A professor from Imperial College London is believed to have been detained in Iran last week.
Professor Abbas Edalat, who is based at Imperial’s Department of Computing, was arrested by Iran’s Revolutionary Guards on the 15th April, according to a human rights group.
The Centre for Human Rights in Iran (CHRI), a US-based non-profit, reported Professor Edalat refused to post bail this Wednesday, leading to him being taken into custody. A source told the CGHI Professor Edalat’s home was raided, and his belongings seized.
The Foreign Office this week stated they were “urgently seeking information from the Iranian authorities” about Professor Edalat.
In a statement, the College said: “We are understandably concerned for his welfare following reports of his arrest, and we are urgently seeking further information.”
“Professor Edalat is one of a number of high-profile arrests of dual nationals”
Professor Edalat is believed to have been in Iran to attend an academic workshop.
As well as his academic career, Professor Edalat is the founder of the Campaign Against Sanctions and Military Intervention in Iran (CASMII), which campaigns against foreign interventions in Iran. He previously told Times Higher Education he would not be submitting research papers to US-based conferences in protest to President Donald Trump’s restrictions on vias.
Professor Edalat is one of a number of high-profile arrests of Iranian dual nationals. Since 2015, the Revolutionary Guards have arrested 30 dual nationals; the majority have been accused of espionage. Earlier this year Dr Kaveh Madani, a Reader at Imperial’s Centre for Environmental Policy, was detained for 72 hours in Iran.
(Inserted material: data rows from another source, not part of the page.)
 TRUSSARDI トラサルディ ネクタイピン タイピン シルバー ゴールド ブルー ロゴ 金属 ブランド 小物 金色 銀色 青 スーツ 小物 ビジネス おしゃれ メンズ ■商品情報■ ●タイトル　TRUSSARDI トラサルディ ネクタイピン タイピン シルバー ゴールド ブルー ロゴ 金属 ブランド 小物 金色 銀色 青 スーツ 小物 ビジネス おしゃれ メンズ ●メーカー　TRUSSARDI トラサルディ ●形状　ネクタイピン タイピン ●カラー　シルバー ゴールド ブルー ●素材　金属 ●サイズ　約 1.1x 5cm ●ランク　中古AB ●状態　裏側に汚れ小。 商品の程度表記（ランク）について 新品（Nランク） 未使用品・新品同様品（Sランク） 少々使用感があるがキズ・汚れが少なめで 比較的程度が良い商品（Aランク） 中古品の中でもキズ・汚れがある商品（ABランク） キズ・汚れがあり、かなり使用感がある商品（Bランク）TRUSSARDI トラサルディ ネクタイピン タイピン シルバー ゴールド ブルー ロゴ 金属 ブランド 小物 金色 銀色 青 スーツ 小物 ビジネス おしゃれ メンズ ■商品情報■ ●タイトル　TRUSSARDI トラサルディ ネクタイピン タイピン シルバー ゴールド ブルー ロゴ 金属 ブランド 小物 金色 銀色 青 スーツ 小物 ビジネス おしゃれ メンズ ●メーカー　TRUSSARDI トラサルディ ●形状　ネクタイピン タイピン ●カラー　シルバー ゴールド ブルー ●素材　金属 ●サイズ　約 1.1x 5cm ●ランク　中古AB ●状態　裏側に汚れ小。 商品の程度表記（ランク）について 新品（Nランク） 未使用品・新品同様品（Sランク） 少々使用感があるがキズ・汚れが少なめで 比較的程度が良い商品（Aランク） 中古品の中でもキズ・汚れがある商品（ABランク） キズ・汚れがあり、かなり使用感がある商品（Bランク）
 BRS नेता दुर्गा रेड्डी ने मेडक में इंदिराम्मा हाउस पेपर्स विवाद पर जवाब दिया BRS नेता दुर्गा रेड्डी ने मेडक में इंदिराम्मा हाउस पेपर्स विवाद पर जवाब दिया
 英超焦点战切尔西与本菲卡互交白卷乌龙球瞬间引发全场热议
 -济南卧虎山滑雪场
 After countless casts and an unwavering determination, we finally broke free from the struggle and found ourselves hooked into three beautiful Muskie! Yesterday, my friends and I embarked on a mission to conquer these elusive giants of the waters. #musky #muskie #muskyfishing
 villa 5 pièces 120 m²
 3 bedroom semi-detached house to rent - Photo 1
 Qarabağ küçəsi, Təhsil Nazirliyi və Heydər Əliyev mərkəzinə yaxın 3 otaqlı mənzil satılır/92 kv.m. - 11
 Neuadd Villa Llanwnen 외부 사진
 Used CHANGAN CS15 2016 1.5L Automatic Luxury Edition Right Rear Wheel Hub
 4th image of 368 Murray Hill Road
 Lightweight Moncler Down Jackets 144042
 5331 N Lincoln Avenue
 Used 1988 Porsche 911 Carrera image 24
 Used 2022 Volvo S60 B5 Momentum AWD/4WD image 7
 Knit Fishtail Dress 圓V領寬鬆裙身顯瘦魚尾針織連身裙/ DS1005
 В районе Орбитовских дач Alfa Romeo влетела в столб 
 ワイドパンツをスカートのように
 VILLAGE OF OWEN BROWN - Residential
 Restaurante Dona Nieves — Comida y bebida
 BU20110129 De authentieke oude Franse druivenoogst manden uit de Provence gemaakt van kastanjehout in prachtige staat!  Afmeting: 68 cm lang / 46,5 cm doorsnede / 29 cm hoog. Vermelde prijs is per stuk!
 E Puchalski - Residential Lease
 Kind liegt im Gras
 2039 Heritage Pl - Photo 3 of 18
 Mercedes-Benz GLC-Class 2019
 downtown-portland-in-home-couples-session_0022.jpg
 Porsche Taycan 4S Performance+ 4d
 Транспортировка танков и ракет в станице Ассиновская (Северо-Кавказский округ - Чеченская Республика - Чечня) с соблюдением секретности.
Dr Madani had been made Deputy Head of Iran’s Department of Environment last year, a position from which he resigned last week.
Hadi Ghaemi, executive director of the CHRI, said of the arrest: “Iran’s continued arbitrary arrests of dual nationals without transparency and lack of due process is extremely concerning.” The International Observatory of Human Rights accused the Iranian government of using dual-nationals as “bargaining chips in Tehran’s ongoing negotiations with the West.”